Would you like to learn about this model, and why it’s so special? Make yourselves comfortable, because we’ve got another complete IWS Guide for you all.

Picture this…

You’re walking through the sunny streets of Milan one fine spring day, when you pass by your local watch retailer. You pop in for a hello – perhaps a quick coffee and a chat – and you are told that something rather special has just come in. You are offered a first look at this mysterious arrival.

Naturally, you oblige, and you are presented with one of the most stunning references in the history of Patek Philippe. But then, another one appears, and then, two more. What’s going on? All four of the variants of this reference are before you? Yep, it’s your lucky day.

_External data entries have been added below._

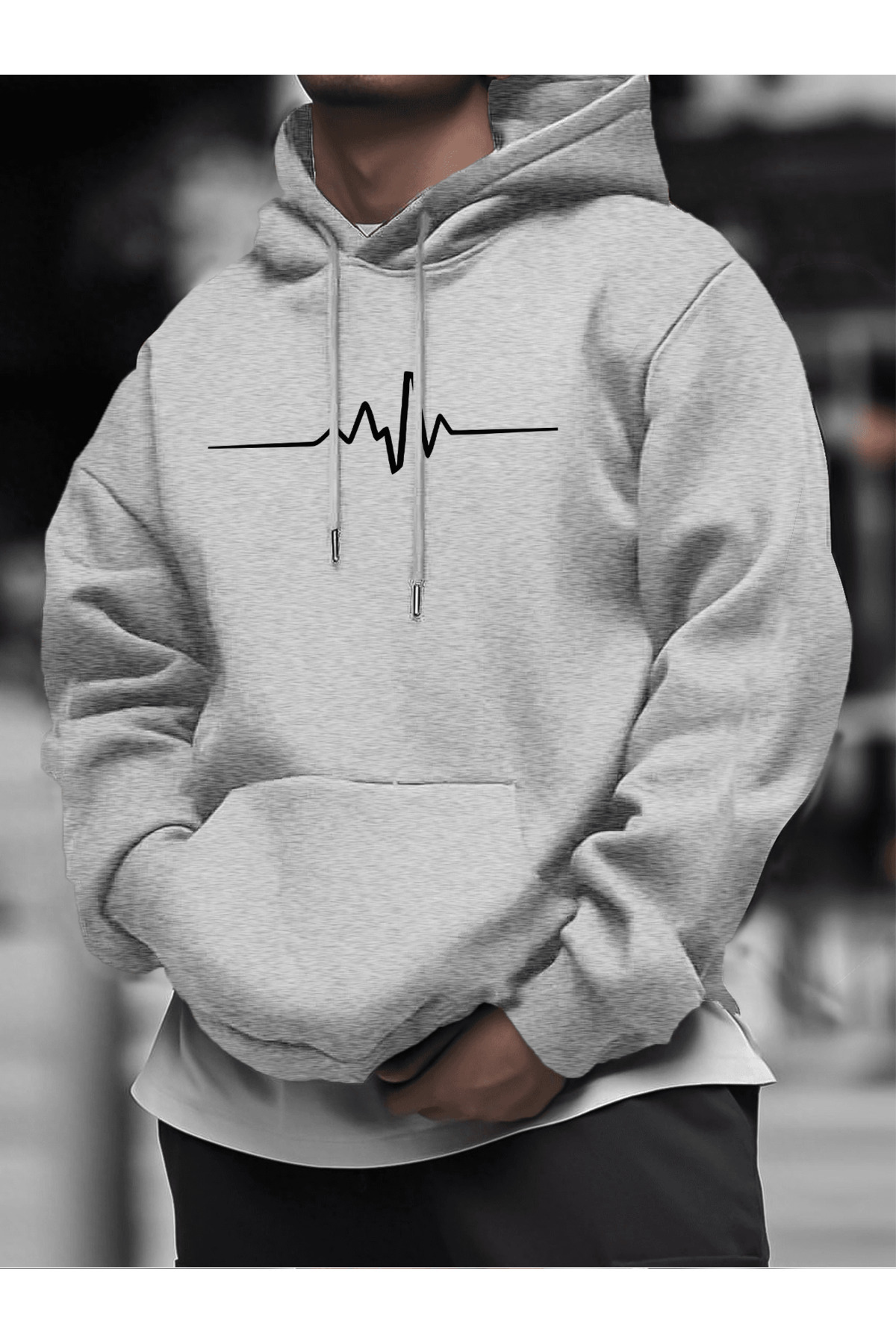 Unisex Oversize Kapüşonlu Sweatshirt Nabız Desenli - Gri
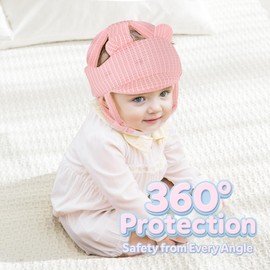 Baby Helmet Head Protector for Infants & Toddlers – Pink Bear Baby Head Protection, Infant Helmet, Toddler Helmet, Baby Fall Back Head Protector, Baby Helmets 1-2 Years, Lightweight Safety Hat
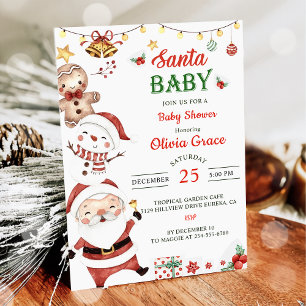 Santa Baby Christmas Baby Dusche Einladung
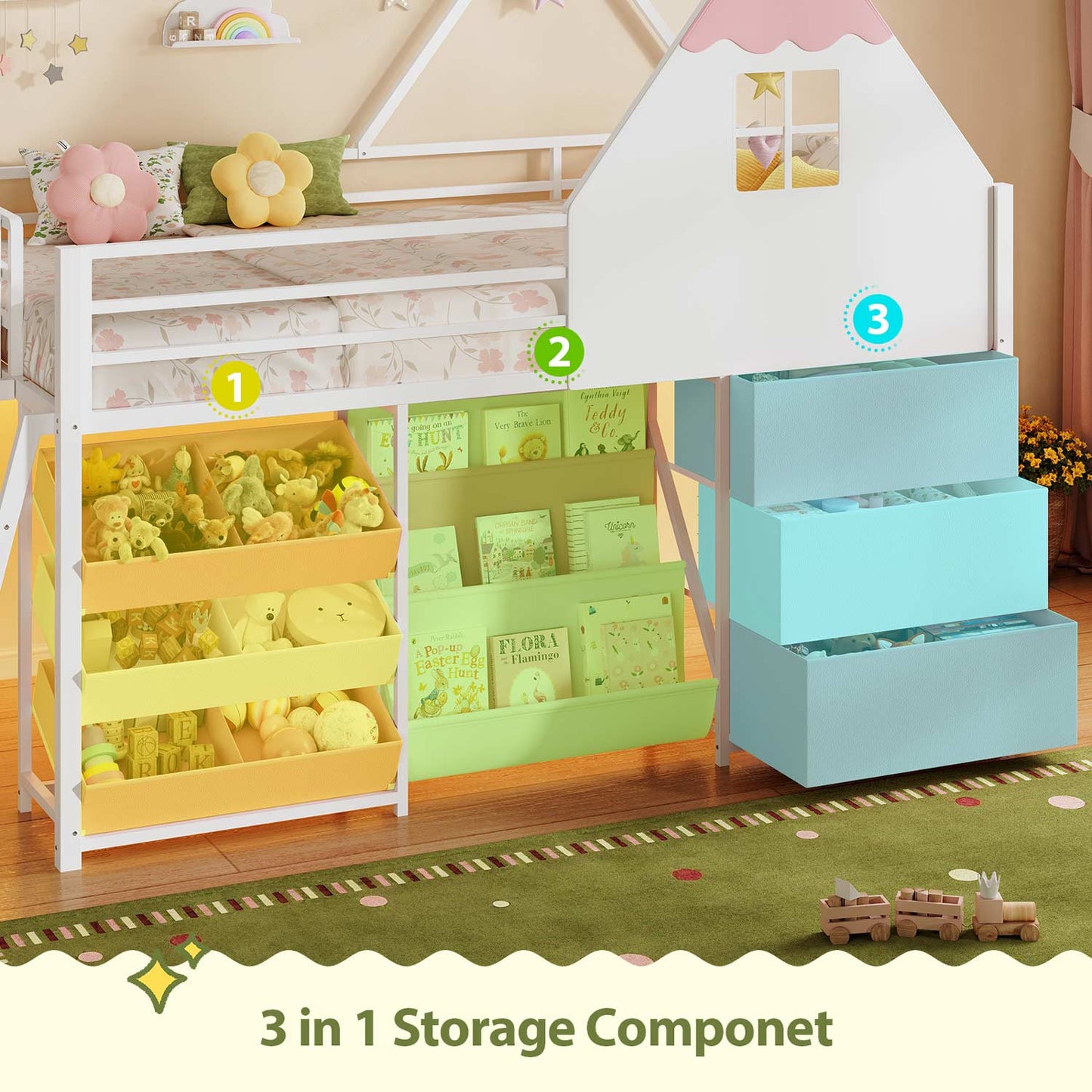 White and Pink Low Loft Bed with LED Lights, Bookshelf, and Toy Storage Bin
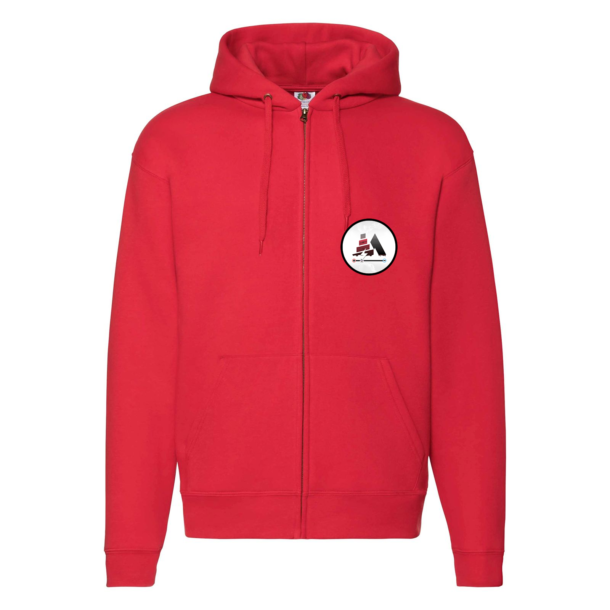 Hooded Sweat Jacket with Slogan - Red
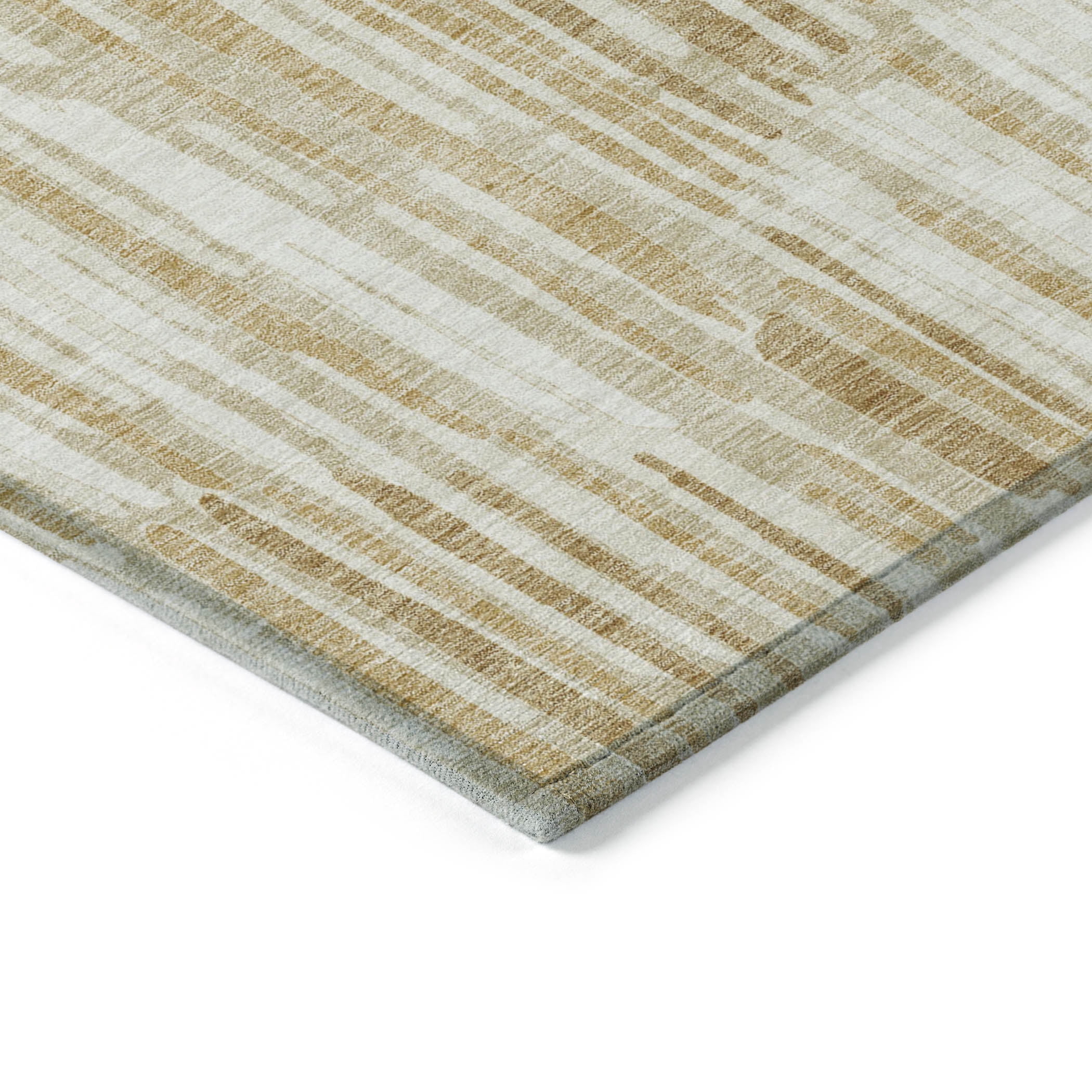 Addison Rugs Chantille Indoor/Outdoor Transitional Lines Gold Washable Rectangle Rug, 2'6" x 3'10"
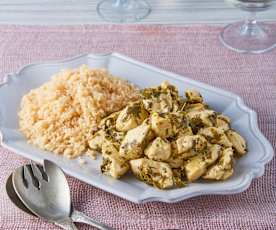 Pollo al cilantro y cuscús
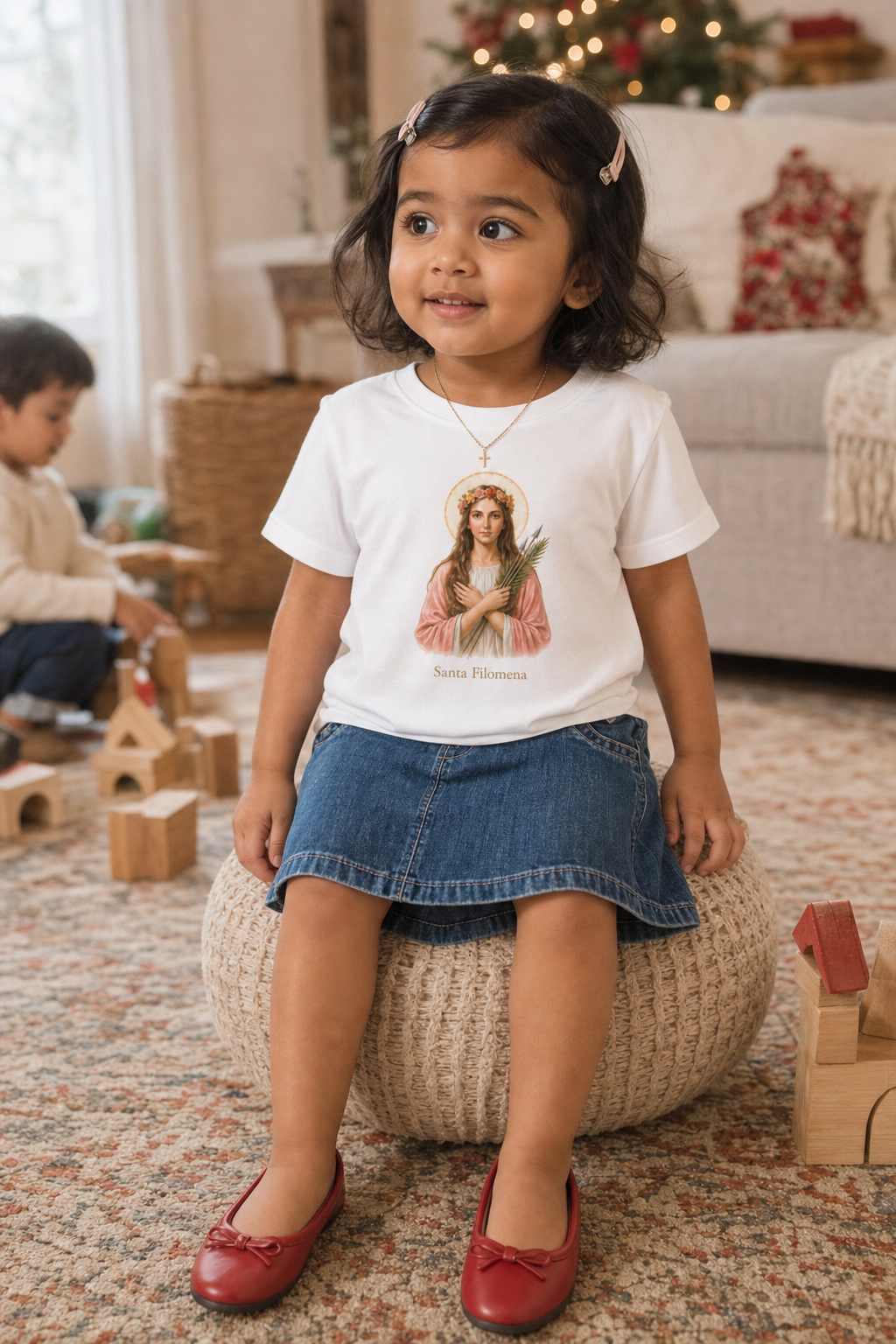 Little girl wearing the Santa Filomena Toddler T-Shirt in White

Well, that’s more or less how it went for us! Seeing all four metal variants of a Patek Philippe reference is in itself a hugely special occasion, but when the reference is the incredibly prestigious perpetual calendar chronograph reference 5970 – the rarity of what we experienced was off truly off the charts.


Thierry Stern’s First Challenge

The reference 5970 is hugely significant not only from a horological perspective, but also from a historical one, too.

Let’s travel back in time for just a moment: to the 1930s. Although it was already a successful company back then, Patek Philippe was no stranger to the effects of the Great Depression. In fact, it was on the brink of failure when the Stern family acquired the Patek Philippe brand. After some years, Philippe Stern took the helm of the company.

Like most family-run businesses, sooner or later comes a time when the younger generation is given the reins. This important handover occurred in 2009, when Thierry Stern became the chairman of the board of directors. Although his role in the 5970 project began a couple of years prior (in 2004), his first truly significant test was the release of this reference 5970.

This model was designed as the successor to the 3970: a watch which was already pretty much perfect. The aim was to reinterpret the perpetual calendar chronograph with a modern identity. This would mean refreshing ideas in pretty much every department: from the dimensions to the overall feel – it needed to appeal to this new, younger generation of watch collectors, and overall watch market.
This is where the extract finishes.